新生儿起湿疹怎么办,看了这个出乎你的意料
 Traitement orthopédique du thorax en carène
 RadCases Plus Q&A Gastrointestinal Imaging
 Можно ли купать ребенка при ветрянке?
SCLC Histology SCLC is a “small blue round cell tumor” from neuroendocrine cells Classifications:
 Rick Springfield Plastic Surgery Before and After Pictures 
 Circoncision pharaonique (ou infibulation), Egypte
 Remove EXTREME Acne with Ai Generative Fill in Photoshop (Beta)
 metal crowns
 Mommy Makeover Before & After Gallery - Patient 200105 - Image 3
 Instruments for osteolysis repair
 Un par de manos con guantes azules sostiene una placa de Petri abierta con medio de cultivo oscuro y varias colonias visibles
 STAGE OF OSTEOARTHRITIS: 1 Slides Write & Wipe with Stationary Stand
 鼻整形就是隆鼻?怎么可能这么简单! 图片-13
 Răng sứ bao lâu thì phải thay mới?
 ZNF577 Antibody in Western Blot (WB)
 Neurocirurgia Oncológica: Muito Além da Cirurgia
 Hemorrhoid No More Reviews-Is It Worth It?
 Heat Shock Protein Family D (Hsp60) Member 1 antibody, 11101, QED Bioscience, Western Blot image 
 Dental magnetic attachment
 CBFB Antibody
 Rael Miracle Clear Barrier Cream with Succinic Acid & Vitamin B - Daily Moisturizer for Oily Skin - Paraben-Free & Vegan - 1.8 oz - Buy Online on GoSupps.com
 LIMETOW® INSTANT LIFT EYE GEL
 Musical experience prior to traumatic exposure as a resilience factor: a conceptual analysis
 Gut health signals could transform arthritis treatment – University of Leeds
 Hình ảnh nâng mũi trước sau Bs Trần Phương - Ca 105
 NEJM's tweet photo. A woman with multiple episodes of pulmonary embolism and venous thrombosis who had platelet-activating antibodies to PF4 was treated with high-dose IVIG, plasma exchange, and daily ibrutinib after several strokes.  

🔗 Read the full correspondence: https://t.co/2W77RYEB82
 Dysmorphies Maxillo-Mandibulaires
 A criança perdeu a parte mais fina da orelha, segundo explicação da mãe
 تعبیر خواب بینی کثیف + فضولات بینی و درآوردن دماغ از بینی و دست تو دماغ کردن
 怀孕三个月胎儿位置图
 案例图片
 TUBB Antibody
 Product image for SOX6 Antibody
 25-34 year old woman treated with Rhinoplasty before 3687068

──────────

Nothing should appear in the output except the lines from the one with "full correspondence: https://t.co/2W77RYEB82" through the end of the records above, copied exactly.

* Answer area
🔗 Read the full correspondence: https://t.co/2W77RYEB82
 Dysmorphies Maxillo-Mandibulaires
 A criança perdeu a parte mais fina da orelha, segundo explicação da mãe
 تعبیر خواب بینی کثیف + فضولات بینی و درآوردن دماغ از بینی و دست تو دماغ کردن
 怀孕三个月胎儿位置图
 案例图片
 TUBB Antibody
 Product image for SOX6 Antibody
 25-34 year old woman treated with Rhinoplasty before 3687068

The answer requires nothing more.